I prefer the "magic number" way of factoring trinomials since the people I've worked with have seemed to understood it better that way.

If your trinomial is in the form of ax² + bx + c, then you find two numbers that multiply to give you the product ac and that add to give you b.
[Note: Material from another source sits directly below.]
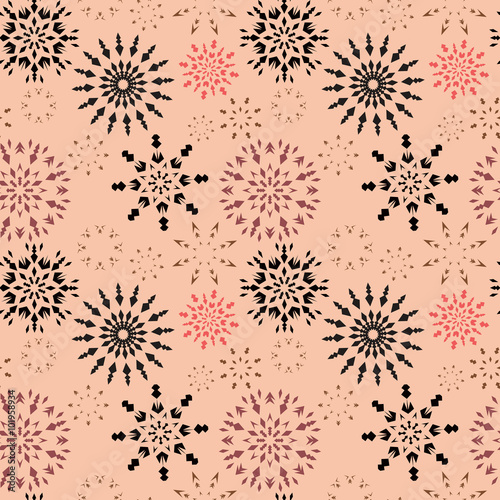 Christmas seamless pattern. Brown and orange snowflake signs on beige background. Winter theme retro texture. Chocolate snow. Vector illustration.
With your expression x² + 4x - 12, you have a = 1, b = 4 and c = -12. The product ac is 1 * -12 = -12, so you'll want to find two numbers that multiply to give you -12 and add to give you 4. Those numbers are 6 and -2. You use these two numbers to break up the middle part of the expression like so:

x² + 4x - 12
x² + 6x - 2x - 12

Then you pull everything you can out of the first two terms:

x² + 6x - 2x - 12
x(x + 6) - 2x - 12

Then you do the same thing with the last two terms:

x(x + 6) - 2x - 12
x(x + 6) - 2(x + 6)

Finally, you pull out whatever is in the parentheses to get your final answer:

x(x + 6) - 2(x + 6)
(x + 6)(x - 2)

Hope that helps.

Im going to try this.

Ive been doing it lately with the box version listed above, but I still get hung up on BIG numbers.

Posts: 136
Joined: Sun Feb 22, 2009 11:12 pm

### Re: Factor x(2) + 4x - 12, how?

Ive been doing it lately with the box version listed above, but I still get hung up on BIG numbers.
For big numbers try factor pairs. When a*c is large write out a list of factors using your calculator to do divisions by 1, 2, 3, 4, &tc whatever goes in evenly until you get a pair that works.

MrAlgebra
Posts: 11
Joined: Tue May 24, 2011 7:36 pm
Location: NC
Contact:

### Re: Factor x(2) + 4x - 12, how?

It's not as difficult as it might sound to list out all of the possible factors to see what they add up to. Suppose we have:

8x² + 24x + 10

So you're looking for two numbers that will multiply to give you 80 and that add to give you 24. Let's look at the factors of 80 by just starting at 1 and seeing if 80 is divisible by different numbers.

1 80, sum = 81
2 40, sum = 42
3 nope
4 20, sum = 24 (bingo)

Let's list out the rest of them just to show how fast it can be.

5 16, sum = 21
6 nope
7 nope
8 10, sum = 18
9 nope

And with 10 we're back to 8, so we can stop there since we've gotten all of the pairs of factors that matter.